KENNEDY : Comment avez-vous trouvé la société martiniquaise ? Je veux dire que c’est évidemment une société créole, nous l’appellerions une société de couleur ou quelque chose comme ça. Comment les Français ont-ils fait, la société était-elle bien intégrée ?
MILAM : Eh bien, elle n’était pas si bien intégrée que cela, mais ce n’était pas non plus l’Alabama. Rappelez-vous, c’était en 1963-64, à l'époque où de très graves événements se produisaient à Montgomery et dans d’autres endroits du même genre. Nous avions toujours cela à l’esprit lorsque nous étions là-bas [en Martinique, NdT]. Il me semblait qu’il y avait quatre niveaux de société. Les Français étaient pour la plupart assez ouverts d’esprit, libéraux et tolérants, même si l’un de mes meilleurs amis, le chef de la police (en tant qu’agent consulaire, on veut que le chef de la police soit son ami), était un horrible raciste. D’ailleurs, j'ai fini par avoir une altercation avec lui. Il avait maltraité l’une de mes employées locales, une femme métisse, une très bonne employée. Mais c’était bien plus tard. Ensuite, il y avait ce qu’on appelle les Békés, un mot créole pour Blanc, je crois. C’étaient les planteurs. Ils formaient une sorte d’aristocratie, une aristocratie martiniquaise. Bon nombre d’entre eux avaient aussi un peu de sang mêlé, mais ils se considéraient comme des Blancs. Beaucoup, mais pas tous, étaient racistes. Beaucoup n’étaient pas très instruits. Il y avait ensuite une classe de mulâtres qui admettaient être des personnes de couleur, de couleur claire dans de nombreux cas, dont beaucoup étaient extrêmement bien éduqués, extrêmement brillants, et qui avaient profité du système éducatif français et avaient très bien réussi. Il s’agissait de la classe professionnelle, des médecins, des avocats et de nombreux hommes d’affaires. Puis il y avait les Noirs de la classe ouvrière, les coupeurs de canne et les travailleurs des sucreries, les travailleurs des services et les employés de maison, etc. - des gens qui travaillaient très dur, mais qui étaient très pauvres et souvent victimes de discrimination.

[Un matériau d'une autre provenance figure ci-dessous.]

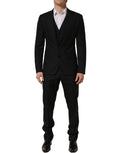 Dolce & Gabbana dark gray striped slim fit 3-piece formal suit, tailored with a classic lapel and matching trousers and vest.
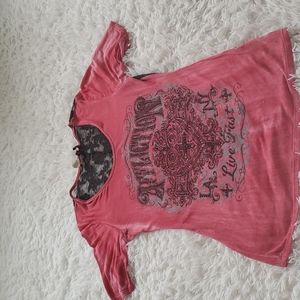 Affliction 3/4 sleeve Tshirt, red, size Large, lace back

KENNEDY : Avions-nous des instructions, des contraintes ou quoi que ce soit d’autre concernant les relations avec les différents groupes ?
MILAM : Non, pour autant que je me rappelle. Non, je pense que le consul et moi-même, ainsi que le représentant de l’USIS [United States Information Service, NdT], nous nous sommes faufilés à travers les différentes couches sociales. Il était difficile de ne pas connaître certains Békés et de ne pas se mêler à eux, car ils étaient très sociables et généralement sympathiques. Il fallait éviter certains sujets. La communauté des mulâtres était un peu plus distante, avec quelques jeunes femmes très séduisantes, et j’ai appris à connaître certaines d’entre elles assez bien. Elles préféraient cependant passer leur temps en France. Je crois que je connaissais moins les Noirs de la classe ouvrière. Franchement, beaucoup d’entre eux ne parlaient pas très bien le français, et je ne parlais pas très bien le créole. Les Français, bien sûr, parce qu’ils dirigeaient l’île, on les connaissait assez bien. Je ne me souviens pas avoir reçu d’instructions sur les personnes à côtoyer ou à ne pas côtoyer.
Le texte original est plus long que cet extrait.